Debt-service ratio is the measure of mortgage and related monthly costs relative to income. Lenders’ rule of thumb is that no more than of 28 percent of a buyer’s monthly gross income should go to paying the loan principal and interest, property taxes, and home insurance (a combination the industry refers to by the accidentally ironic acronym PITI). Lender’s other rule of thumb is a maximum 36 percent for PITI plus recurring debt (child support, car loans, credit card payments, and other such monthly obligations).
The final metric in this overview, loan-to-value ratio, measures mortgage debt compared to a home’s fair-market value, aka the home’s equity. This tells the lender and interested board whether a home can be sold for enough to recover the mortgage debt in the event of foreclosure. A 1:1 ratio means the debt and the equity are equal.
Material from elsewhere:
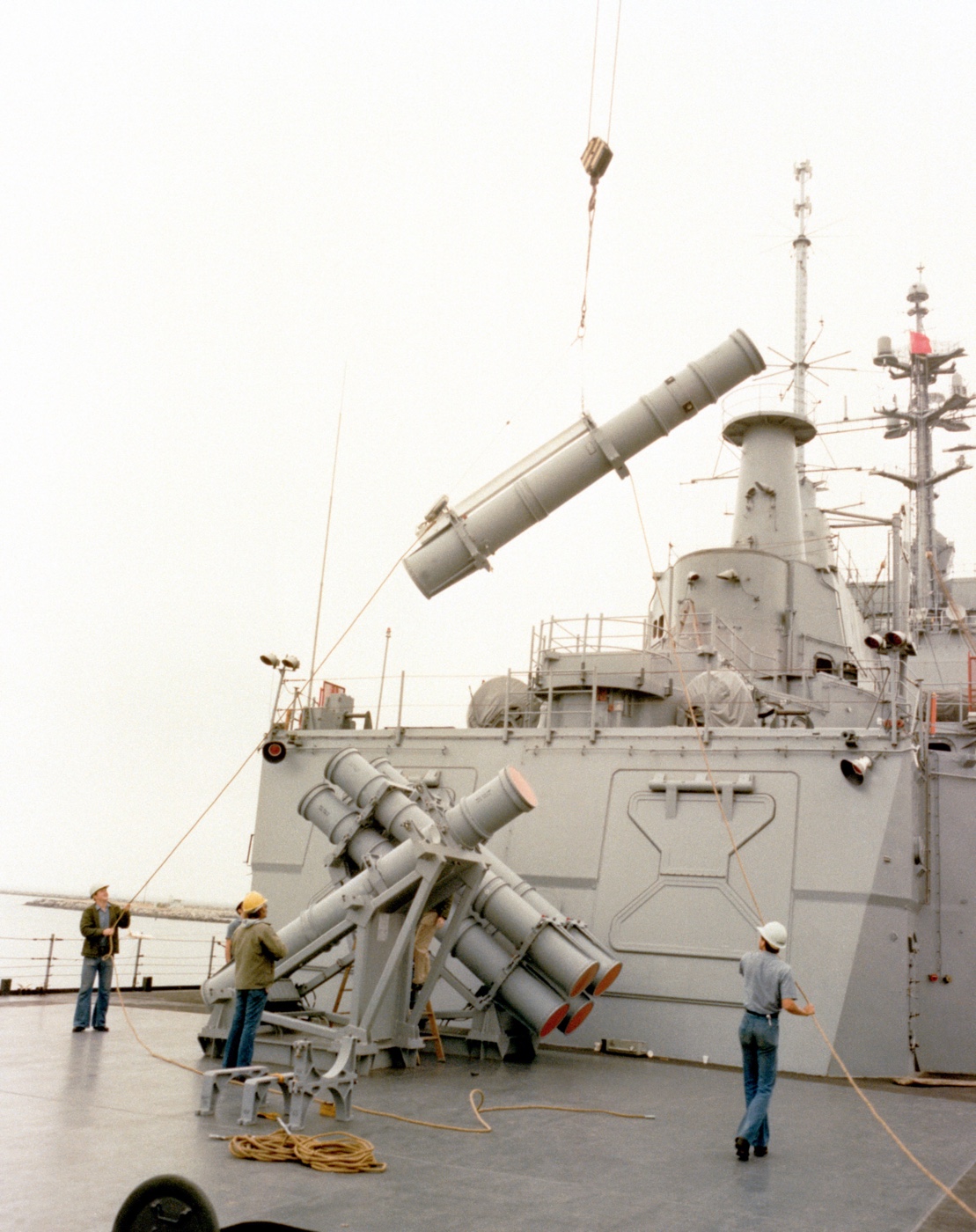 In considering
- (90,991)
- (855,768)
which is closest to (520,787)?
(855,768)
None of these ratios are rules, and individual buyers’ salary trends, etc. are all so different that nothing can apply to everybody. If someone’s monthly debt-service is 37 instead of 36 percent, that shouldn’t set off alarms. If it’s 47 percent, start listening for Klaxon horns.
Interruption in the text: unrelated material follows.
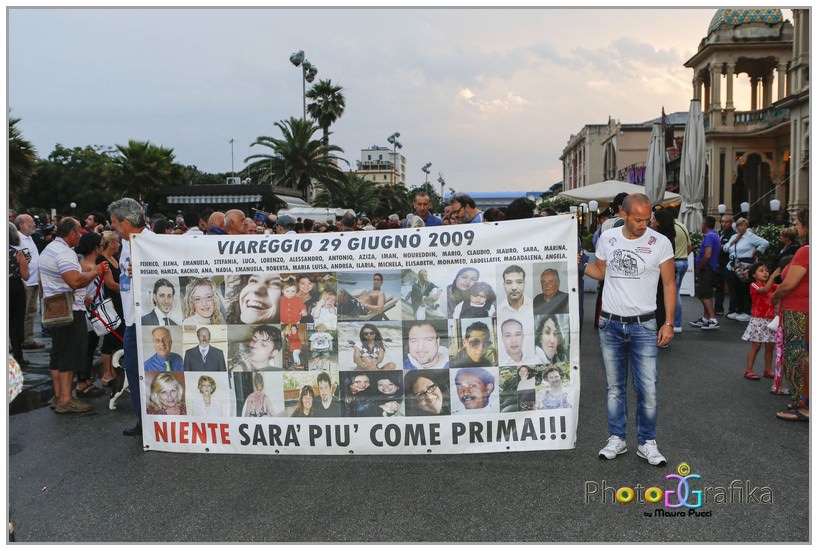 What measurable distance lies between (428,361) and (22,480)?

You should also scrutinize the finances of owners who want to refinance or take out a second mortgage or a home-equity loan. Many people use such loans to go on buying binges and fancy vacations, and risk overextending themselves.
“Watch home-equity loans carefully,” says Kera. “You don’t want people loading up on [such] loans and then not having equity in their apartments. In condos, you don’t have much control, but co-op boards should approve every loan. Some boards don’t but should.”
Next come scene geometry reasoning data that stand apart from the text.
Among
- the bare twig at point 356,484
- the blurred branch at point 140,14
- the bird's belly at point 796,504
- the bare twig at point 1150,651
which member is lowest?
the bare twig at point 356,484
If they feel the worst is coming – but not necessarily otherwise – boards should also consider reducing the amount of the purchase price that can be financed. “Maybe if yours allows 90 percent you should go to 75 to 80 percent,” Kera says – although doing so prematurely may contribute to a slowing of the market; it’s a delicate balance.
He warns strongly, however, that boards should not react to the possibility of an economic downturn by deferring building capital repairs and maintenance. “That ultimately comes back to bite you. You put off pointing the brickwork or fixing the roof, and then you get leaks and mold and it costs you more in the long run.”
If apartments aren’t selling, you also shouldn’t count on collecting much from flip taxes. That shouldn’t be a factor anyway, says Niland. “The monthly maintenance fees should be enough to cover operating expenses, and any flip tax revenue should go into the reserve fund. Boards shouldn’t be counting on flip taxes as a regular item in the budget since you can’t predict when a downtown will occur. If a condo or co-op gets in straits because of flip taxes, well, I say shame on them.”
And even here, there may be offsetting opportunities. “When the real estate sales market goes down, the rental market goes up,” notes David Kuperberg, president of Cooper Square Realty. “People still need a place to live.”
Speculator-owners who can’t sell for the price they want or part-time vacation-homers facing higher mortgage rates might turn to subletting. In some cases, too, owner-occupiers might find it more economical to move out and rent themselves a smaller apartment while they sublet their co-op or condo. If so, says Kuperberg, “Just as boards impose flip taxes, they can look at maybe having a similar surcharge for sublets, if they don’t already.”
Funny thing about bubbles – you can sometimes see rainbows in them. And the pot of gold at the end of the housing bubble may be that prices stabilize to a level that gives sellers a reasonable profit while staying affordable enough for the middle class to afford. You know, the way it used to be in the ’80s, say, when not just Wall Streeters and rich foreigners but also teachers, cops, plumbers, and shopkeepers – the people-infrastructure that keeps this city on its feet – could afford to own a home here. Now, wouldn’t that be something?